Don’t be alarmed! It’s actually a good problem to have.
The problem is one we’ve been hearing about time and again throughout the pickleball community: a lack of courts. We know what you’re thinking: “You call that a good problem?” Well, it is when the reason behind this conundrum is due in part to pickleball’s exploding popularity.
But never fear, we have a solution!
In a previous blog, we shared some helpful tips on how to get pickleball in your community, where one tip mentioned temporarily transforming tennis courts into pickleball courts. We hope that tip helped plant a seed in your mind to head out to your local YMCA or community park and start playing pickleball.
We also hope that it didn’t leave you standing on a tennis court, pickleball gear in hand, with a puzzled look on your face, wondering how that transformation was actually going to happen.
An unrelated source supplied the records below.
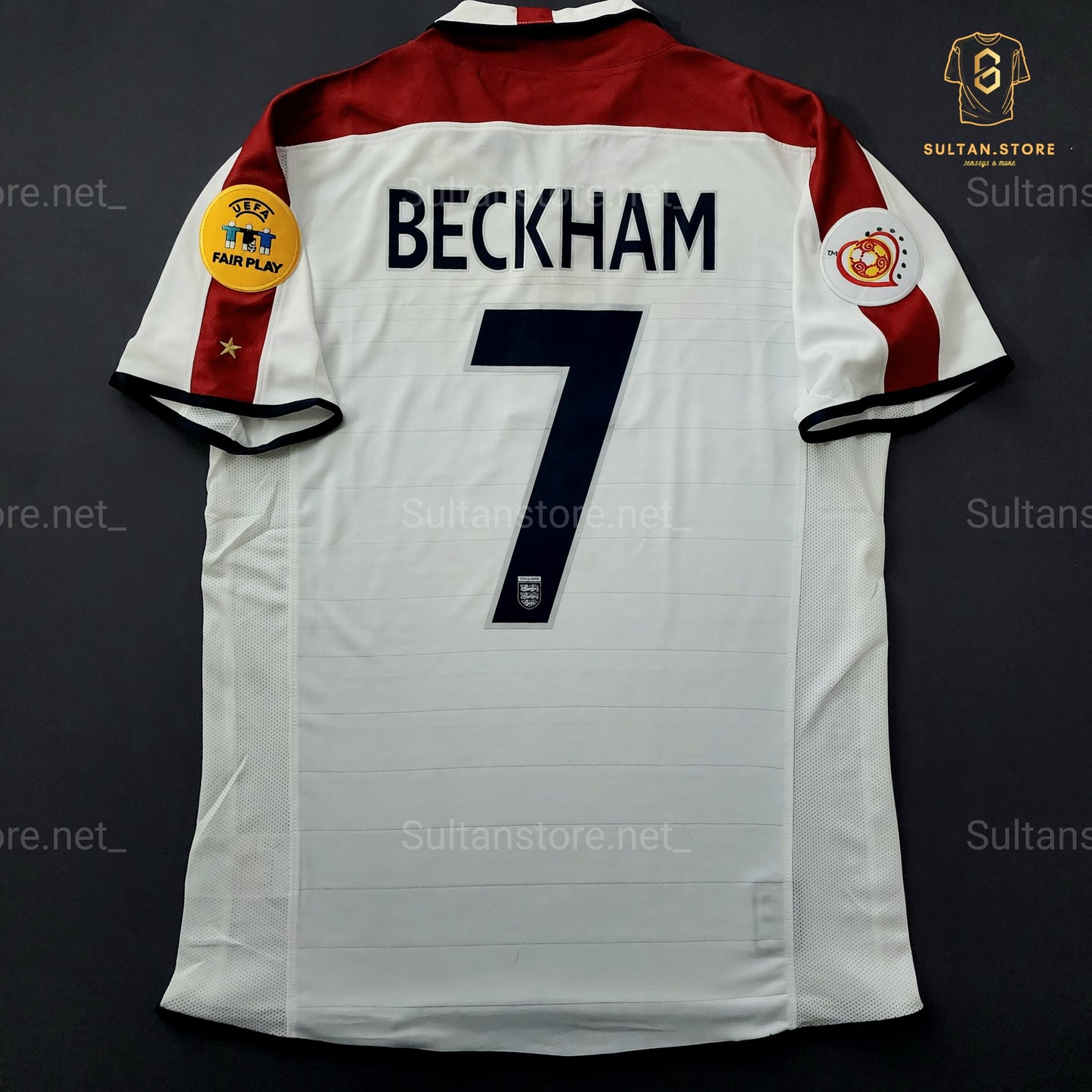Beckham 2004 England Away Jersey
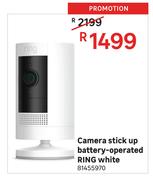 Camera Stick Up Battery Operated Ring White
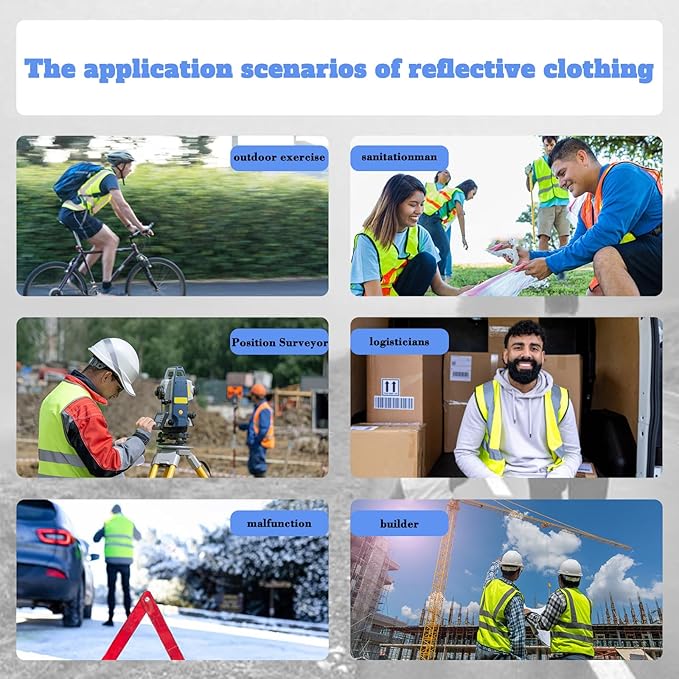 Custom Safety Vest High Visibility Reflective Customized Logo Construction Work Vests Dual Tone Reflective Strips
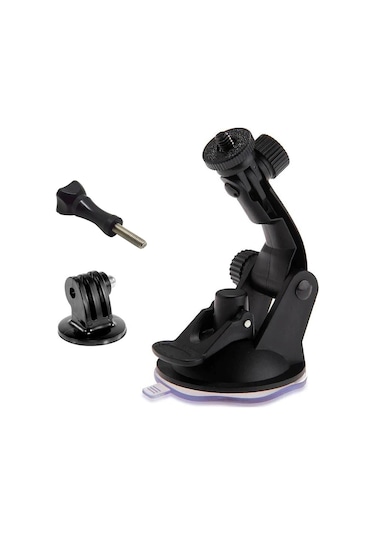 Tüm Aksiyon Kameralarla Uyumlu Vantuz Vakumlu Küçük Boy 3lü Set Çok Renkli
But just in case it did, we’re going to give you the low-down on how to temporarily transform a tennis court into a pickleball court.
Our resident pickleball expert, Chuck Vietmeier, put together a few diagrams to show you how to do it.
For starters, a standard tennis court pad is 60’x120’ and the minimum recommended size for a pickleball court is 30’x60’ – a perfect fit. Because the minimum dimensions of a pickleball court are exactly one fourth the size of a tennis court, it is possible to put four pickleball courts in the confines of a tennis court. However, if the tennis court has angled corners, then two can fit perfectly.
Here’s an example:
Because we’re talking about temporary courts, a portable net will be your best bet. If you’re converting the tennis court to two pickleball courts, the tennis net can act as a backstop between the two pickleball courts.
Now let’s double that number and find out how to place four pickleball courts on one tennis court.
Let’s say the tennis court that you’re working with doesn’t have angled corners. That’s no problem. Simply move the courts two feet so that there is an eight-foot distance between the pickleball baseline and the backstops. It’s important to note that the lines should coincide as much as possible with the tennis court lines. This helps minimize confusion for players. Finally, keep in mind that the above diagram doesn’t allow room for fences between the side-by-side courts.
As pickleball’s popularity is on the rise, court time is at a premium. So, if you can snag a tennis court, take note of the how-to info we just shared to temporarily transform it into some pickleball courts and start playing! Plus, by turning one court into two (or four!) there’s plenty of room to invite some friends to play too!